►
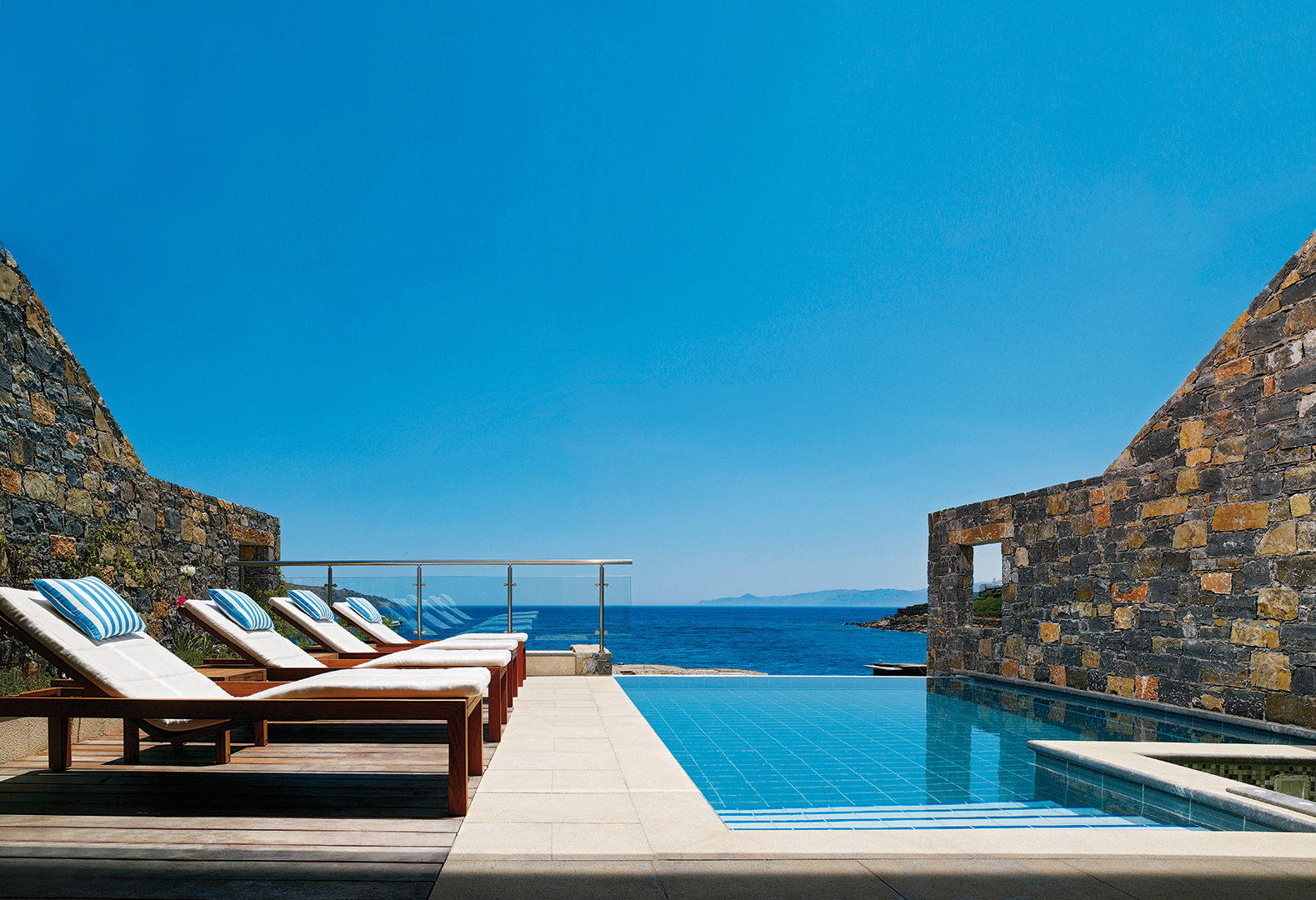 Europe, Greece, Crete, Elounda Peninsula All Suite Hotel, Diamond residence pool with loungers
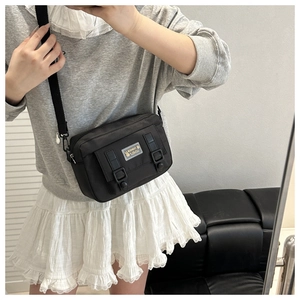 Detail of a black nylon crossbody bag with dual buckles and fashion logo shown on model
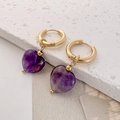 Close-up of heart-shaped purple stone earrings with elegant gold accents on a stone - Amethyst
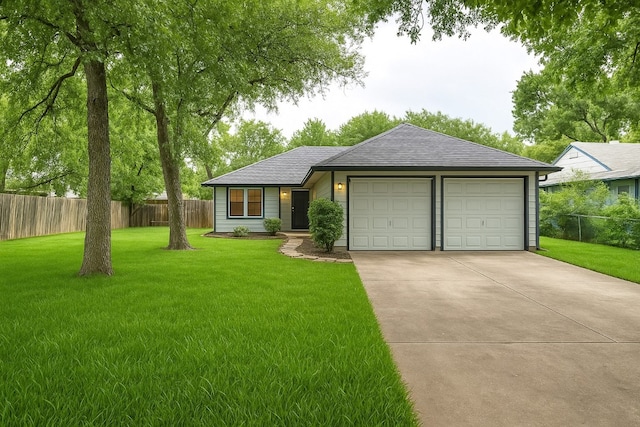 ranch-style home with driveway, roof with shingles, a garage, fence, and a front lawn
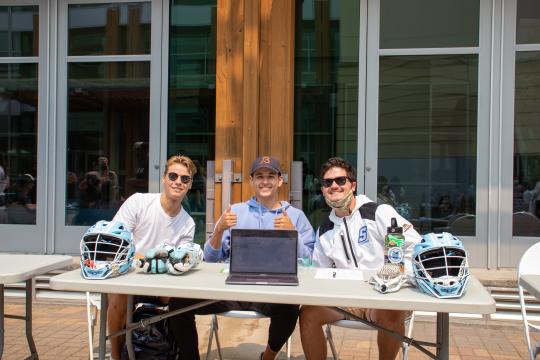 mens lacrosse team smiling at table for REXPO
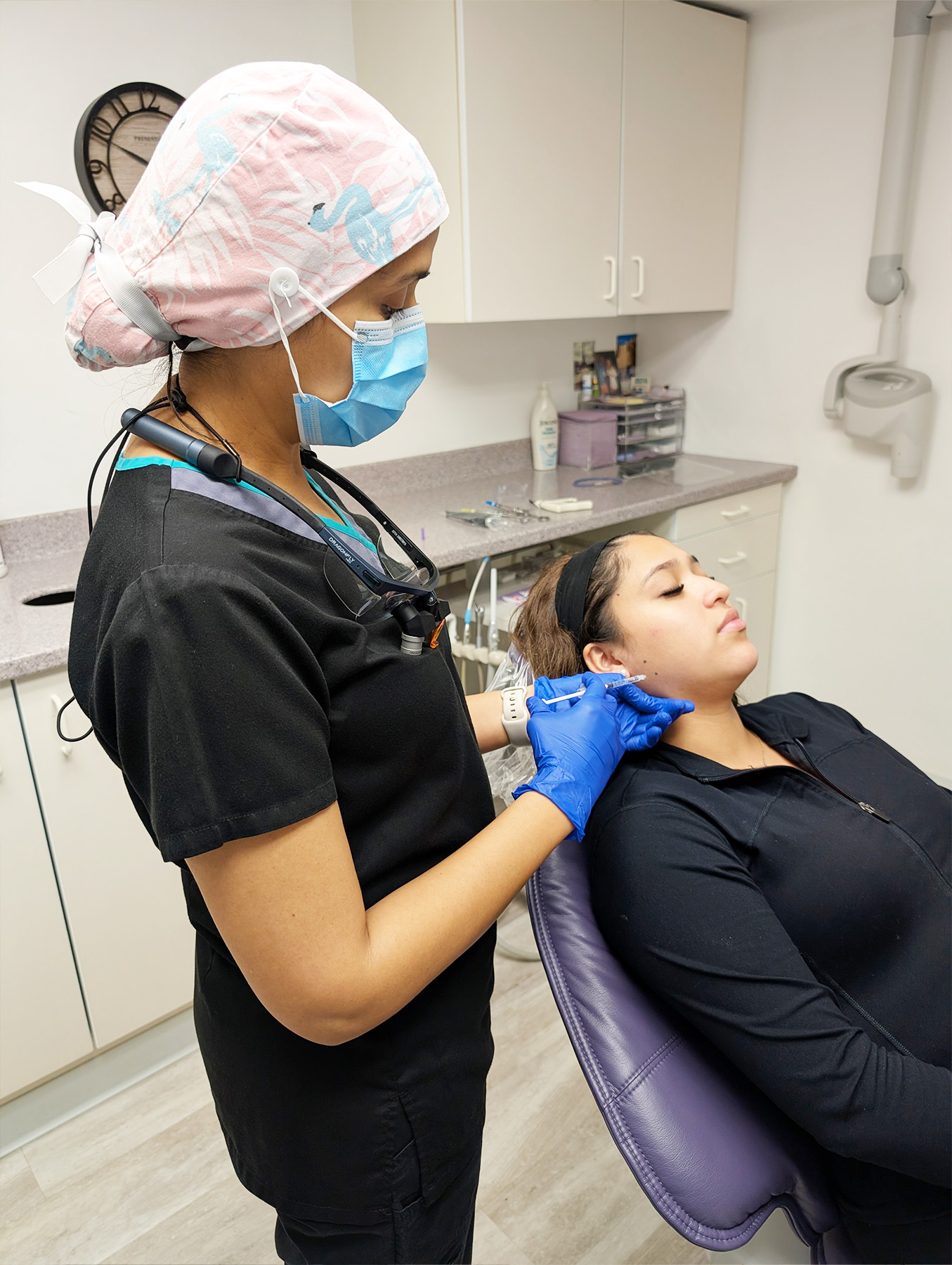 A dental hygienist working on a patient s teeth at a dental office.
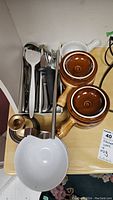 Photo of kitchenware set including white ladle, spatula, stainless silverware, brown ovenproof serving plates, and copper bowl.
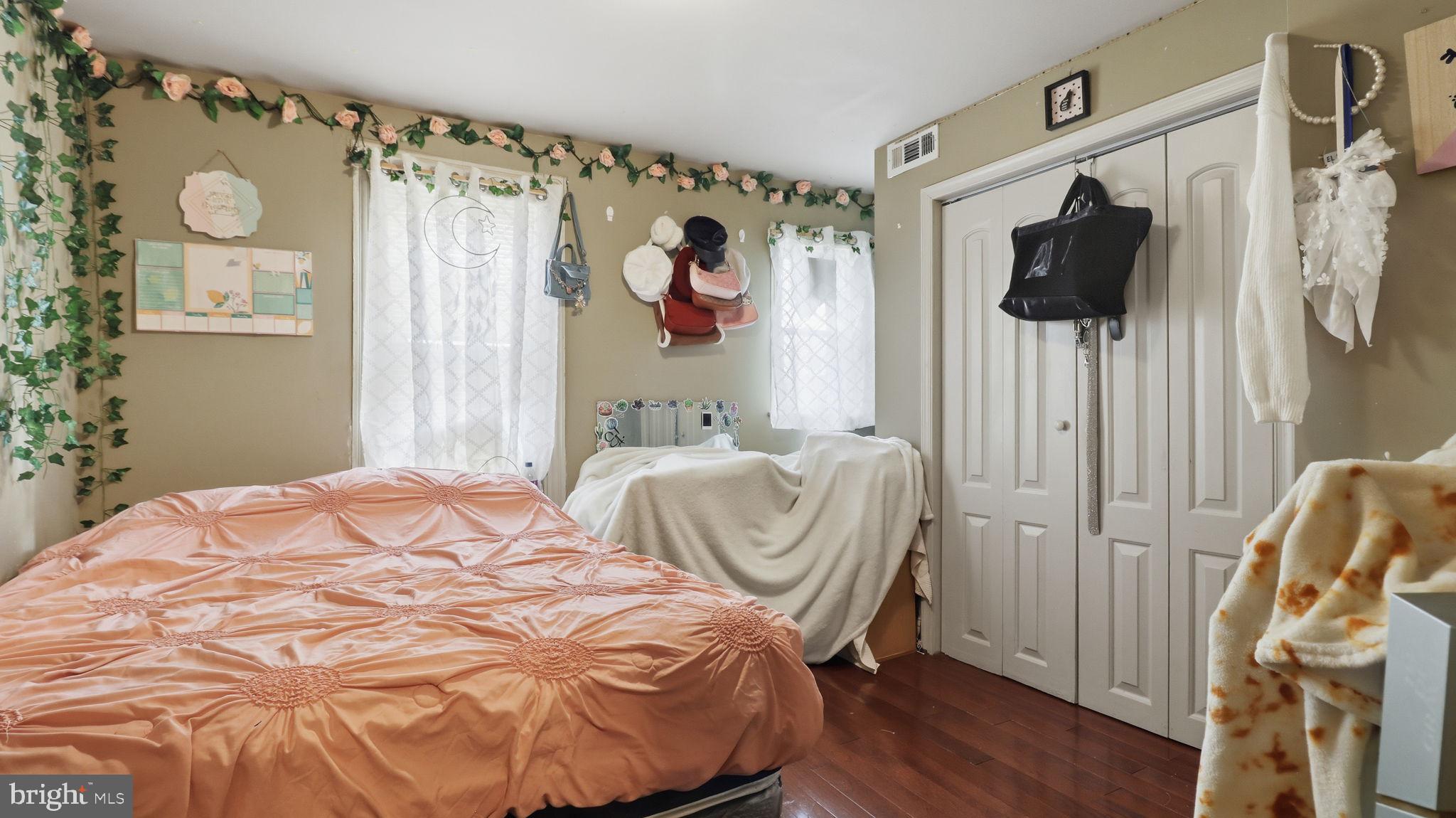 211 Fagley Street Baltimore, MD 21224 - Photo 14 of 16 a bedroom with a bed and flat screen tv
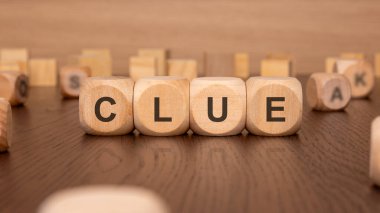 Kahverengi arkaplandaki 'CLUE' metniyle dört ahşap küpün görüntüsü sorun çözme, anlayış sağlama ve stratejik karar verme üzerine odaklanmış bir iş konseptini iletir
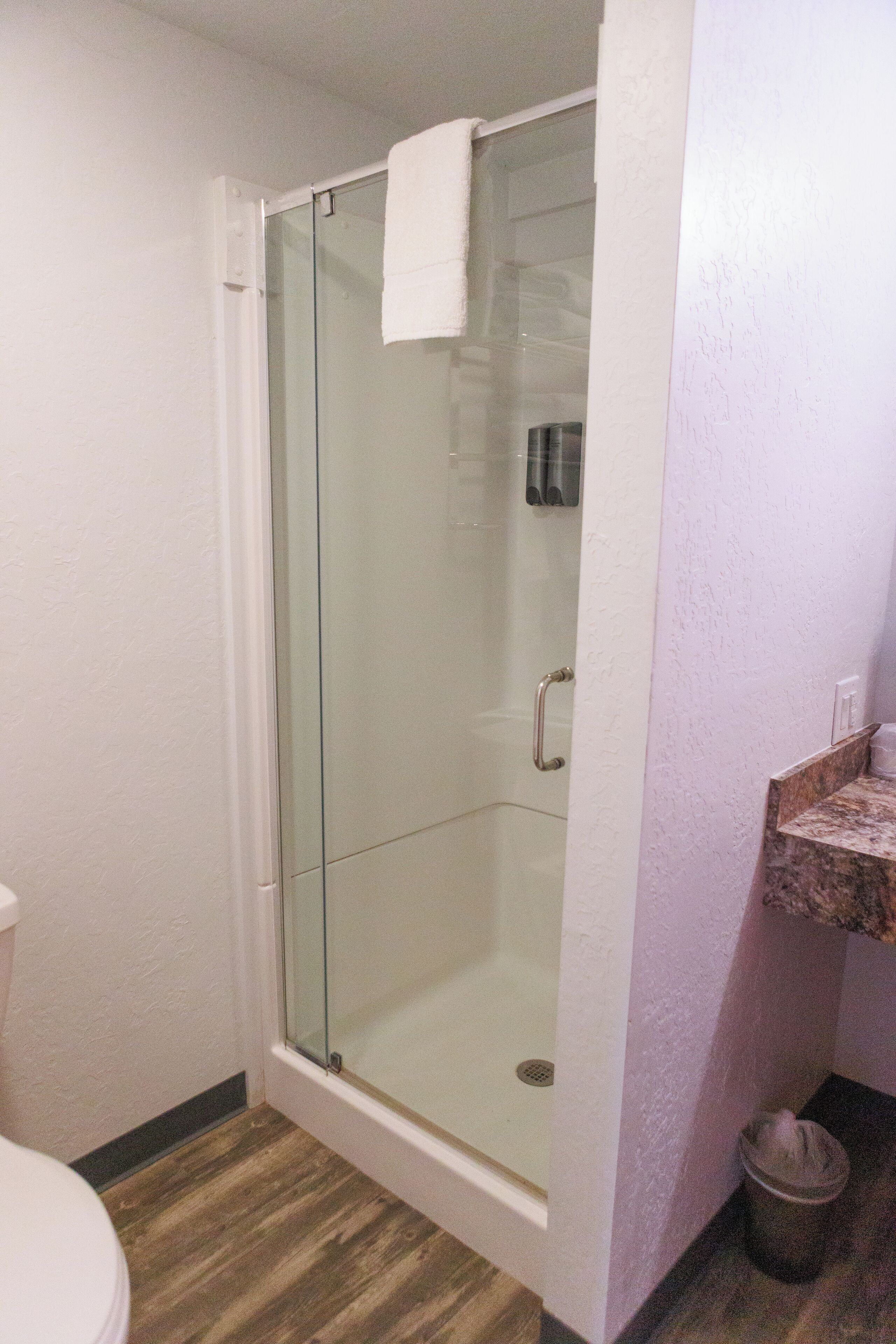 A bathroom with a glass-enclosed shower, a white toilet, and a marble sink.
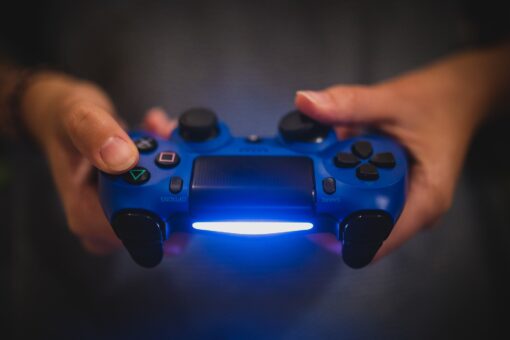 A man holding a light up controller, whis is one of the best PS4 accessories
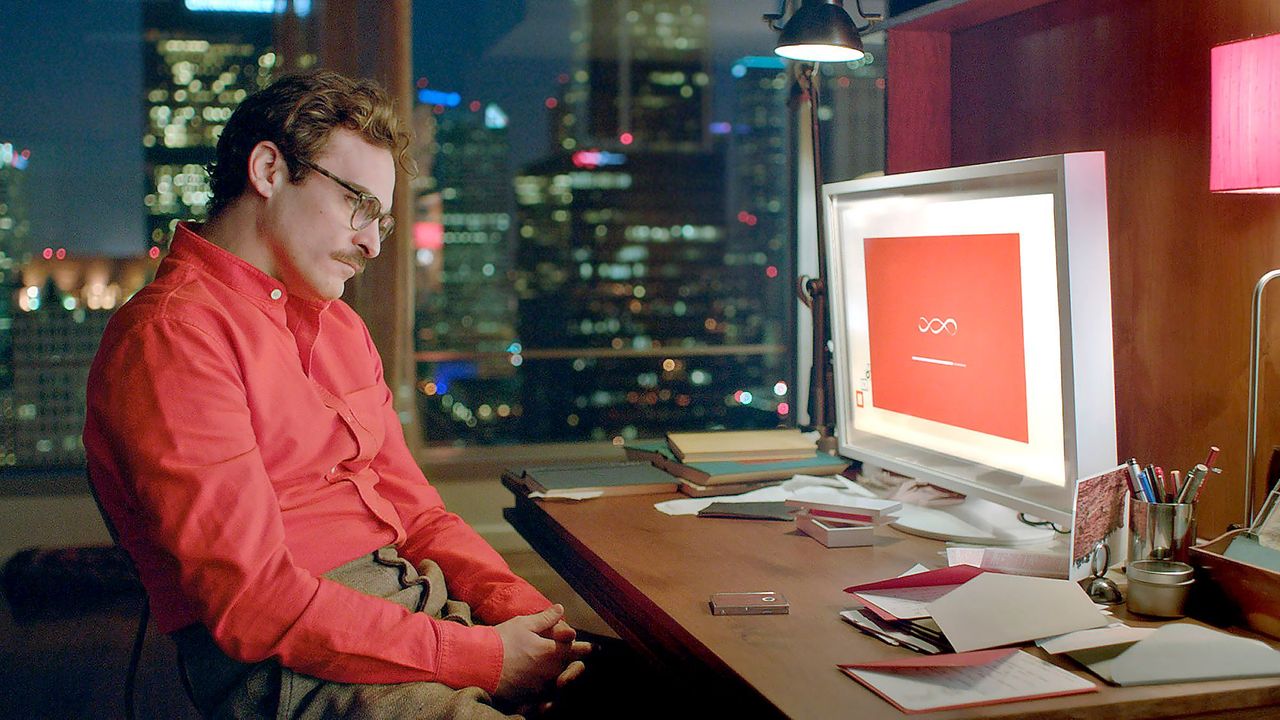 A still from the film Her: a man at his desk in conversation with his AI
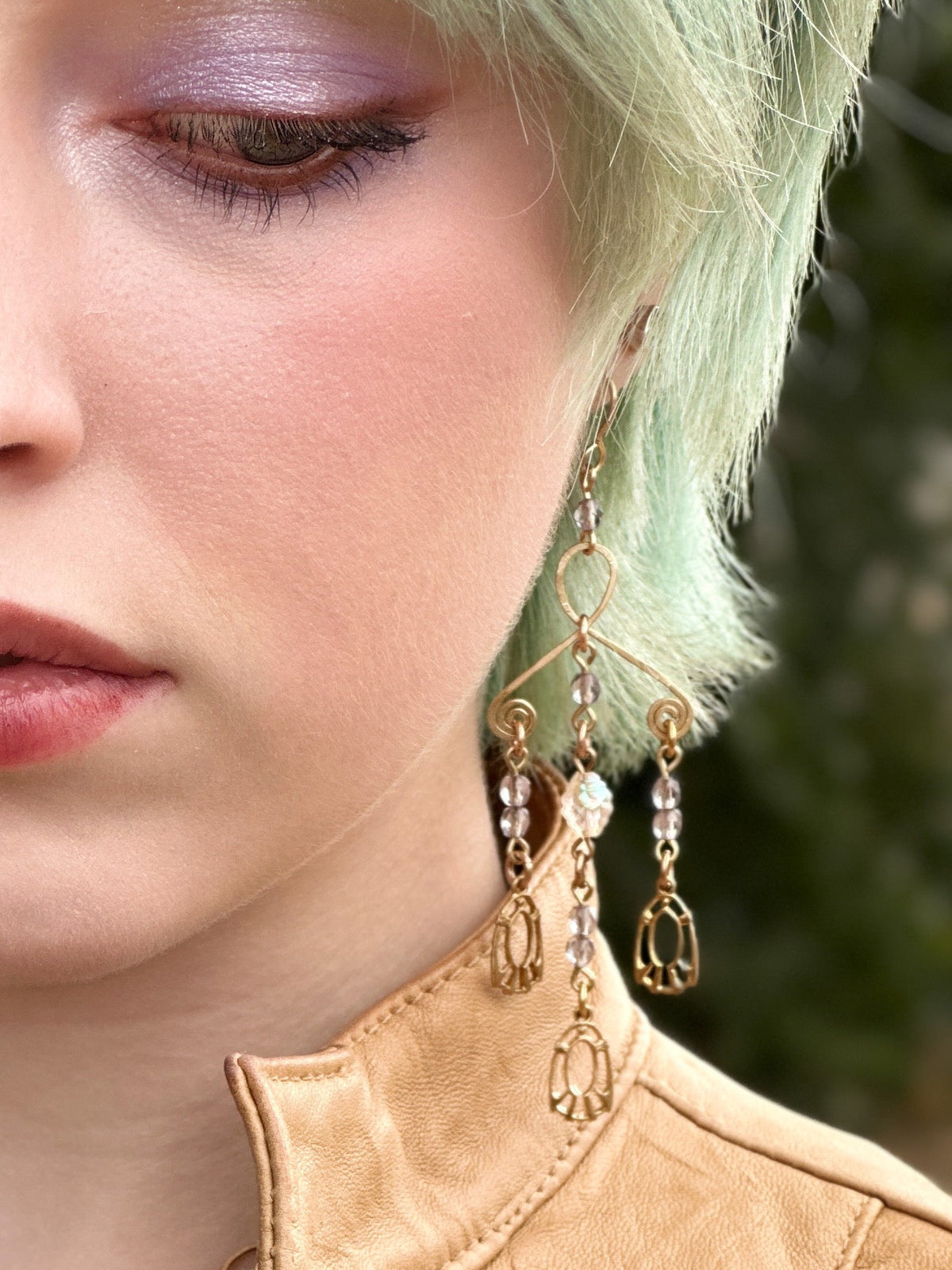 Woman wearing gold earrings, 043AAA64-9BCF-4A6C-BE2B-4742AD998EFE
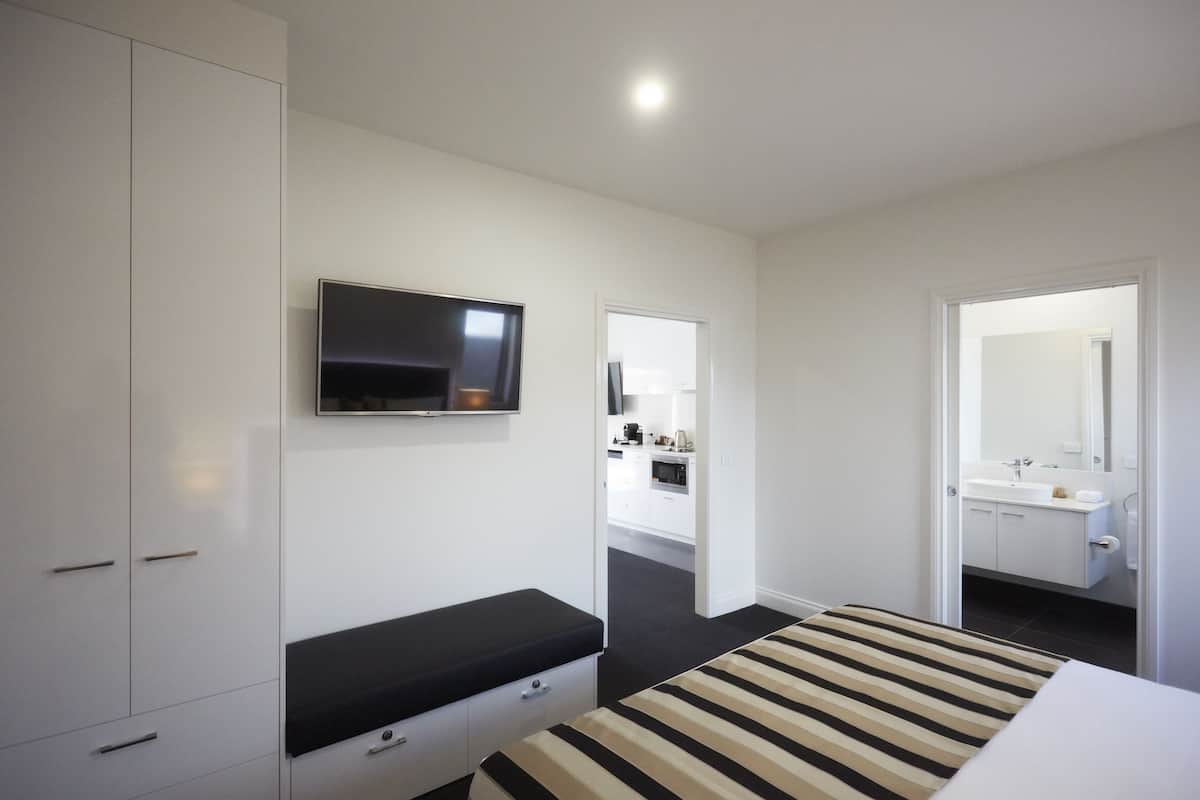 Habitació d'hotel moderna amb un llit, una televisió penjada a la paret, un bany amb mirall i una zona de cuina equipada.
◄
Work instructions. Above are records; write out the lines from the one with "mens lacrosse team" down to the one with "Photo of kitchenware", exactly, leaving the pictures out.

Solution below.
 mens lacrosse team smiling at table for REXPO
 A dental hygienist working on a patient s teeth at a dental office.
 Photo of kitchenware set including white ladle, spatula, stainless silverware, brown ovenproof serving plates, and copper bowl.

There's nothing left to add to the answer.